これにより、Syfeが2019年の創業以来、これまでに調達した資金の総額は5,240万ドルとなった。同社はシリーズBの資金調達後の評価額を公表していないが、創業者兼最高経営責任者(CEO)のDhruv Arora氏はTechCrunchに対し、シリーズAから3.6倍に増加したと語った。同社はユーザー総数も公表していないが、運用資産は1月から4倍に増加しており、これは主にユーザーからの紹介と、Syfe Cash+やCoreポートフォリオなどの新製品の発売によるものだ。
「正直に言うと、シリーズBの資金調達は当初考えていなかったんです」とアローラ氏はTechCrunchに語った。「シリーズAで得たリソースが、ある程度の成果を生んでいるのが分かりました。チームを本格的にスケールアップし、ユーザー向けに新製品やオプションのリリースを開始しました。」Syfeは新たな資金調達まであと6ヶ月から1年待つこともできただろうと彼は付け加えた。しかし、投資家たちが再びSyfeにアプローチし、好条件で次の資金調達ラウンドを提案してきた。投資家たちとの協議の結果、同社は現段階では今回の資金調達が適切だと判断した。

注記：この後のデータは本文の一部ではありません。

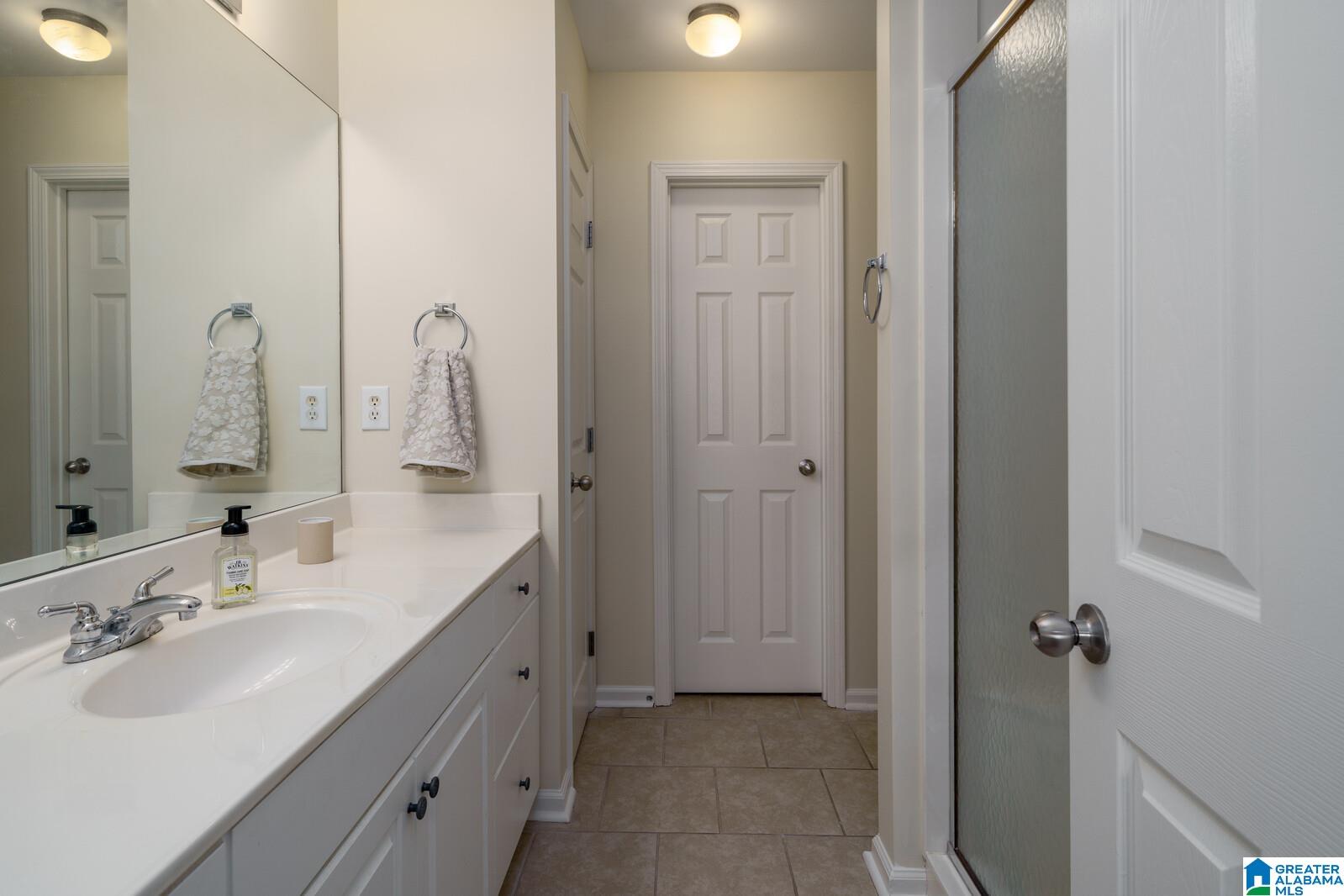 3100 Summit Lane Fultondale, AL 35068 - Photo 19 of 26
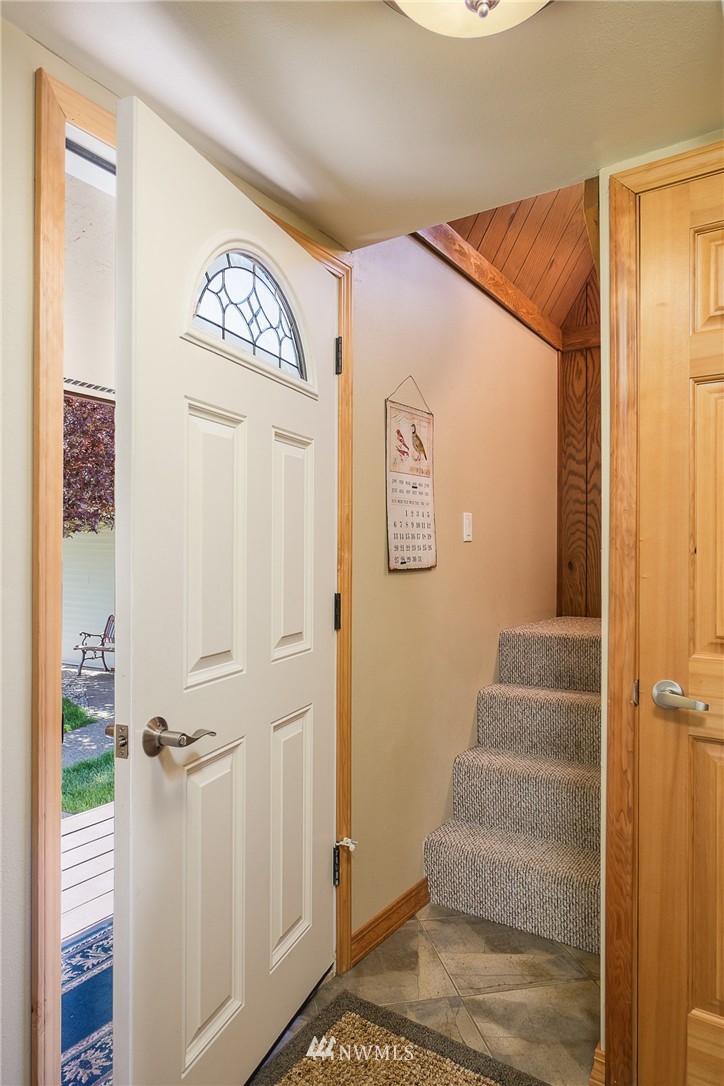 71 McElroy Road Cle Elum, WA 98922 - Photo 6 of 25 Gallery Image 6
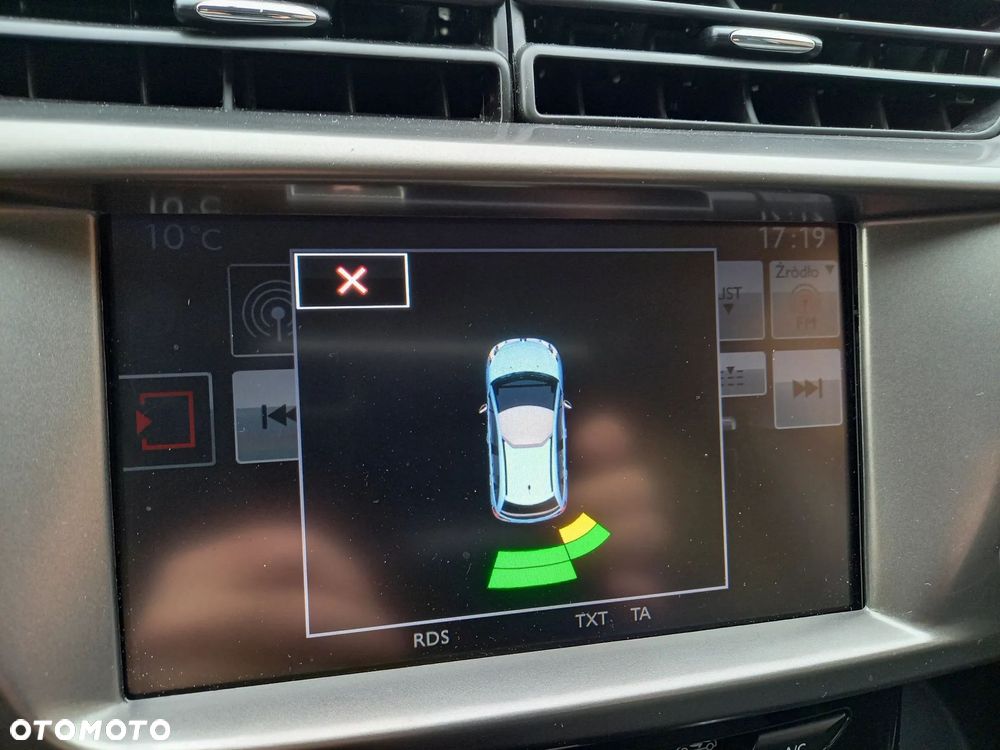 Citroën C3 Pure Tech (VTi) 68 Selection - 3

シンガポールに拠点を置く、人間味あふれるロボアドバイザー「Syfe」が、Valar Venturesのリードにより1,860万ドルを調達
アローラ氏によると、毎月の新規ユーザーの約50%から70%は既存顧客からの紹介によるもので、これによりSyfeの獲得コストは非常に低く抑えられているという。また、今年初めからシンガポールのチームを倍増させ、100人以上の人員を確保することで、様々な流通戦略やパートナーシップを模索している。現在、このアプリのユーザーは42カ国に及んでいるが、積極的にマーケティング活動を行っているのはシンガポール通貨庁(MAS)から資本市場サービス(CPS)ライセンスを取得しているシンガポールのみだ。近々、第2の市場を発表する予定だ。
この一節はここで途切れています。